====== Recorded information ======

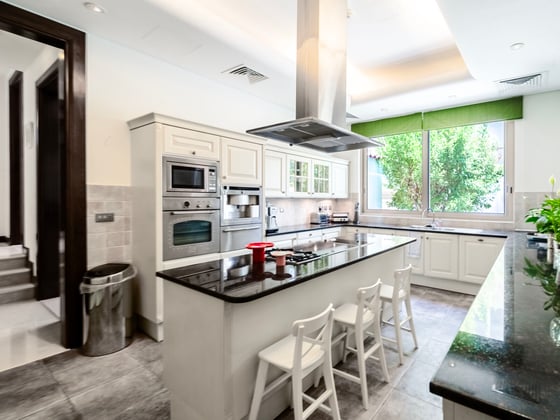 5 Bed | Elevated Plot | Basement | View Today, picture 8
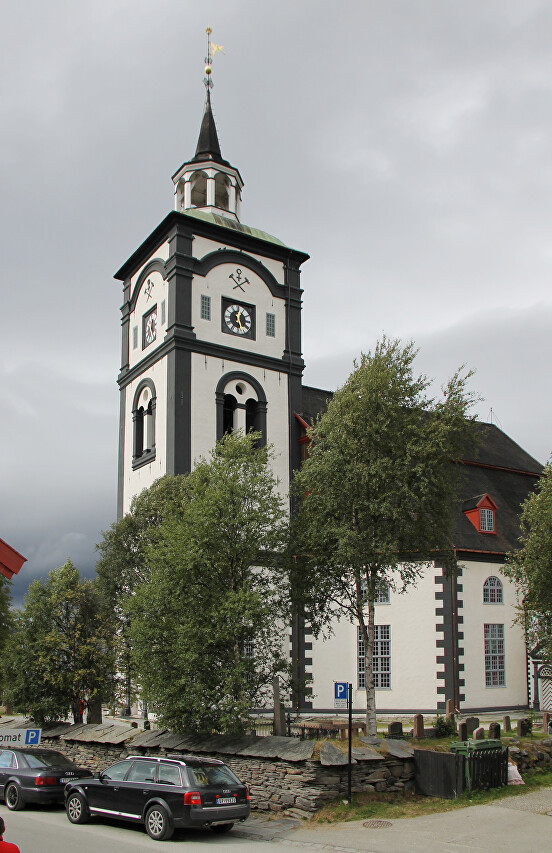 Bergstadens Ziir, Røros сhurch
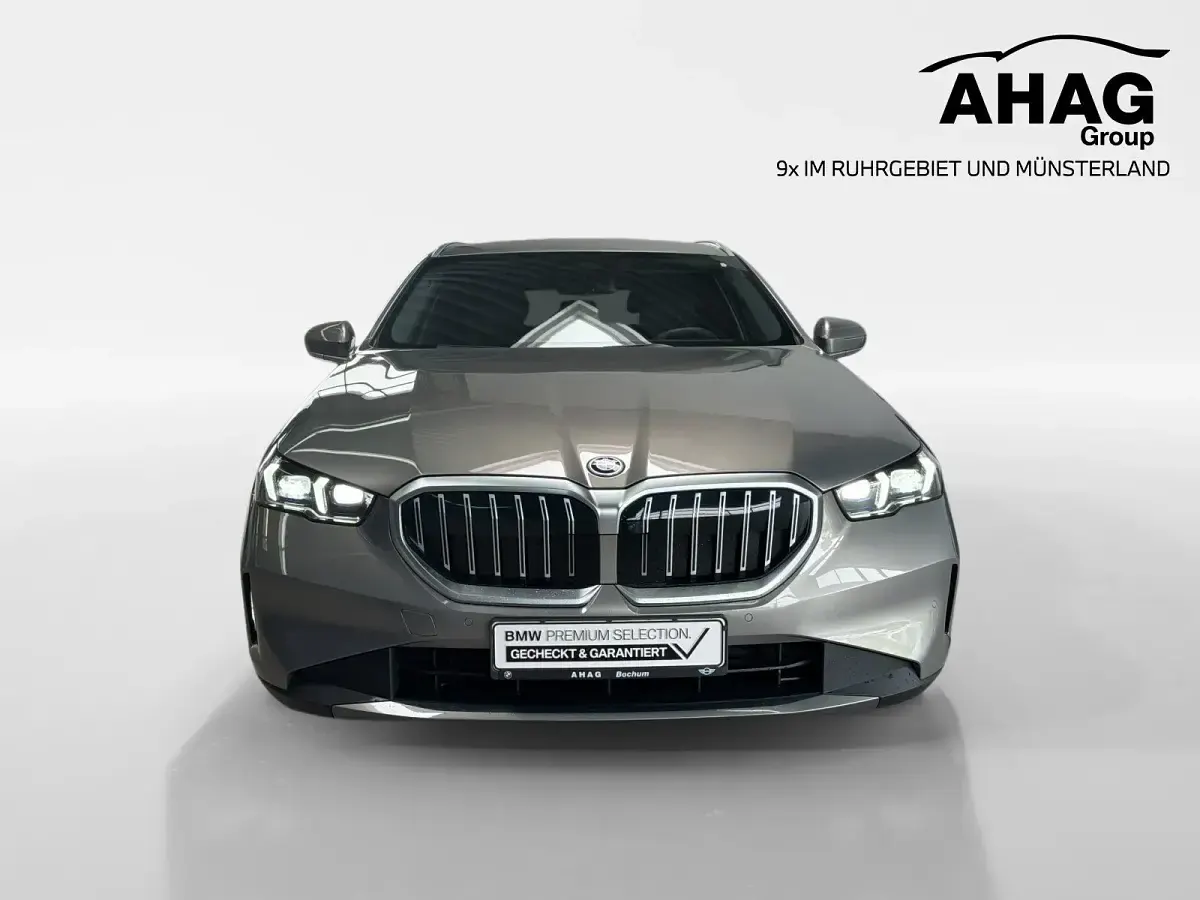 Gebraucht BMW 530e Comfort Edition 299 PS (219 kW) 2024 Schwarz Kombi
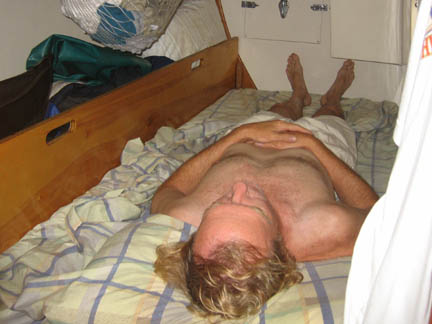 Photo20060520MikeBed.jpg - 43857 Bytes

======

**Problem statement**
What you return should be the whole listing, word for word, without its pictures.

**Exercise solution**
 5 Bed | Elevated Plot | Basement | View Today, picture 8
 Bergstadens Ziir, Røros сhurch
 Gebraucht BMW 530e Comfort Edition 299 PS (219 kW) 2024 Schwarz Kombi
 Photo20060520MikeBed.jpg - 43857 Bytes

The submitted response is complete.